- **WHAT THIS TASK INVOLVES**: Except for the pictures, reproduce the records word for word.

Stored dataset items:
=== Section Start ===
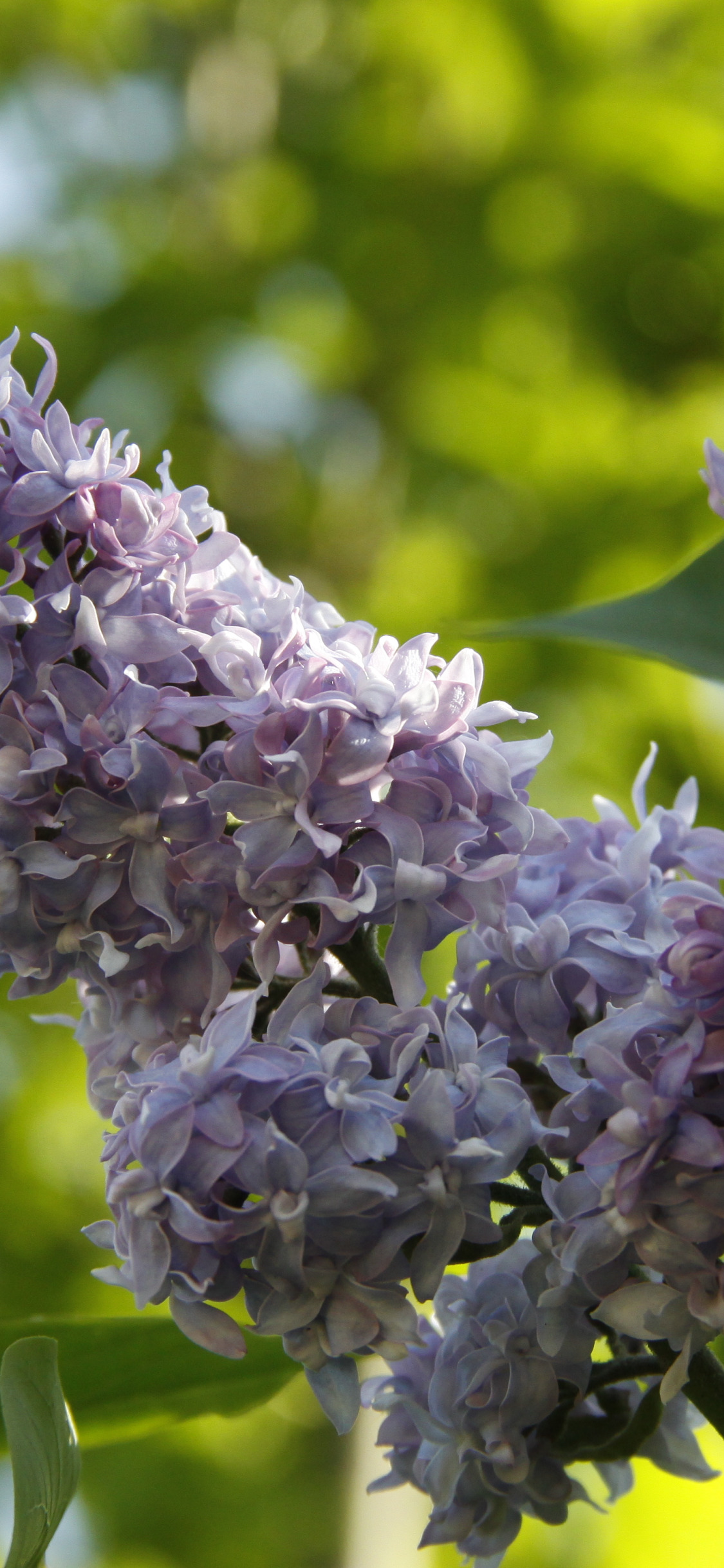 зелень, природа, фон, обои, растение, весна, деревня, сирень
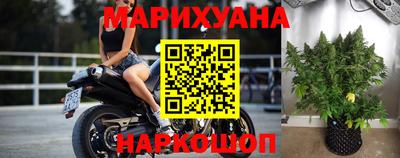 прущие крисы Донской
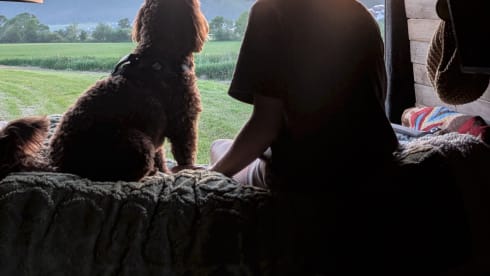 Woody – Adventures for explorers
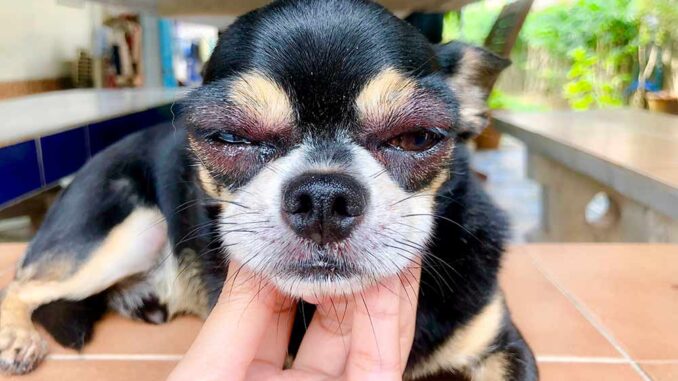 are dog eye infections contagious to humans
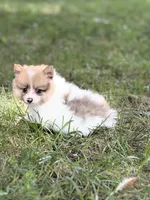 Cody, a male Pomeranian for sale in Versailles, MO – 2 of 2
=== Section End ===
- **WRITTEN SOLUTION**:
 зелень, природа, фон, обои, растение, весна, деревня, сирень
 прущие крисы Донской
 Woody – Adventures for explorers
 are dog eye infections contagious to humans
 Cody, a male Pomeranian for sale in Versailles, MO – 2 of 2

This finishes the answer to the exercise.